Ode to Mothers of Girls

May we survive with our sanity intact.

My fellow moms of tweens and young teenage girls, you've probably realized that these years come with their own set of challenges and victories, especially when it comes to nurturing our daughters’ confidence.

Let's take a moment to appreciate the fact that we've survived the transition from elementary school to middle school – a journey that is the plot of countless YA books and, if you’re like me, countless tears (both hers and mine). As our daughters spread their wings and embark on this new chapter, we do all we can to ensure they do it confidently and self-assuredly. Some days, it feels like a win; others, you’re unsure how you got here (or how you’ll keep going).

With its hormonal twists and turns, middle school has proven to be a new parenting challenge. One day, my daughter is pouring out her heart, and the next, I'm lucky if I get one word. Emotions shift from joy to despair and back again faster than I can type this sentence. I think that’s how the term emotional rollercoaster was coined. Describing a teen girl.

Balancing involvement without being overbearing and being supportive without hovering is a constant work in progress. It's a delicate dance between being her mom and allowing her to become her own person. It’s not always graceful, but I do lean more toward independence than hover. I always have.

My own teen, for instance, has shown an incredible aptitude and focus for horses and horse riding. This began the moment she met her first horse and has only grown stronger since then. She balances her time maneuvering through riding her beloved pony and the daily responsibilities of school and life. So far, it’s going well, and she impresses me daily with her ability to take care of it all. Then I find a pile of dirty dishes and a mound of empty berry containers in her bedroom amongst a sea of mostly dirty clothes thrown about the floor (mostly because there are plenty of discarded clean clothes, too).
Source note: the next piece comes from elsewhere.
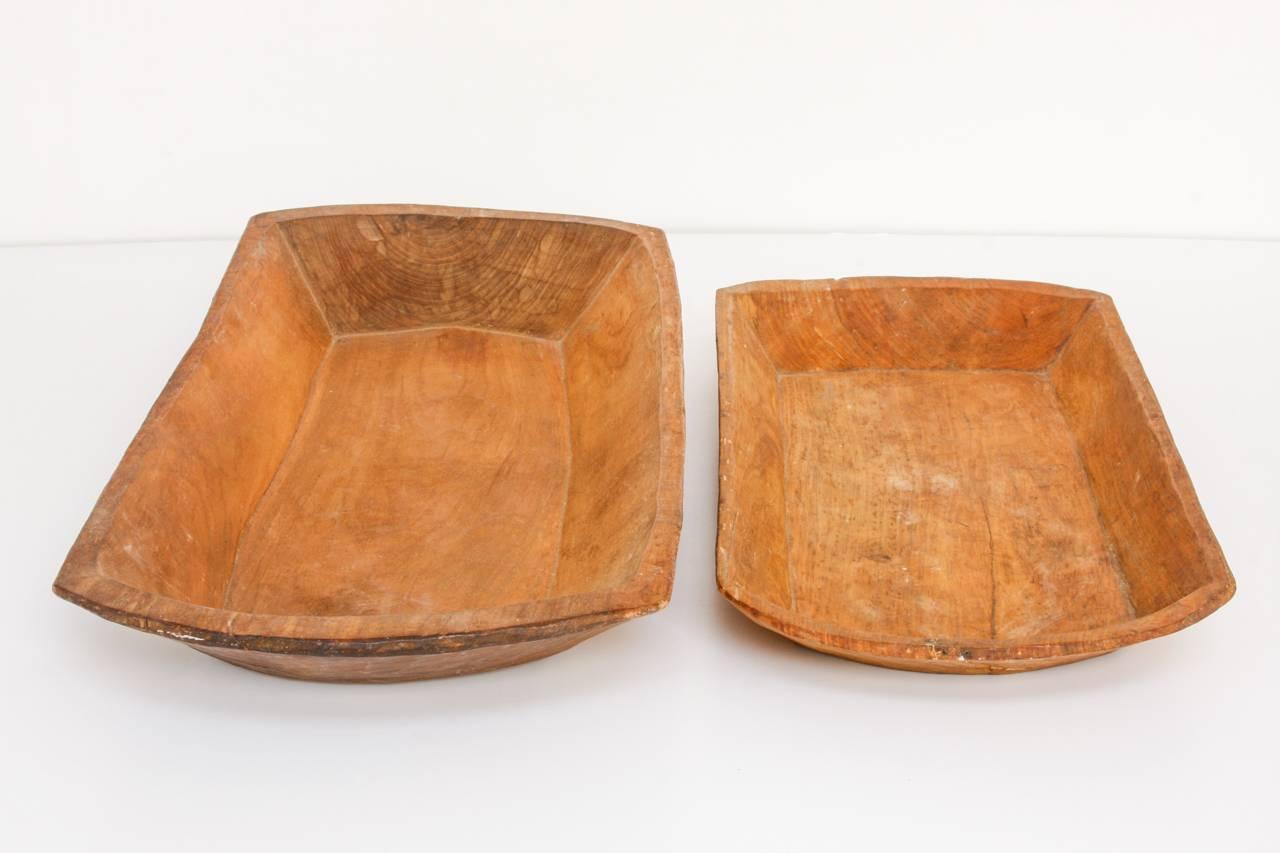 Interesting pair of hand-carved graduated dough bowls or troughs. The smaller bowl measures 26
As a mom who was once a teenage girl, independence and self-confidence are something I hold sacred. It’s been one of my main focuses as a parent.

Research has shown that girls actively form their identities during the tween/early teen years. Encouraging them to explore their interests and passions, like my daughter's love of horses, helps them define who they are and what they stand for. 

Girls also become more attuned to social comparisons around this age. By nurturing their self-confidence, we help them focus on their unique strengths and talents rather than getting caught up in unhealthy competition or comparison.

By allowing our daughters to make decisions and learn from their experiences, we're helping them develop vital emotional regulation skills that will serve them well throughout their lives.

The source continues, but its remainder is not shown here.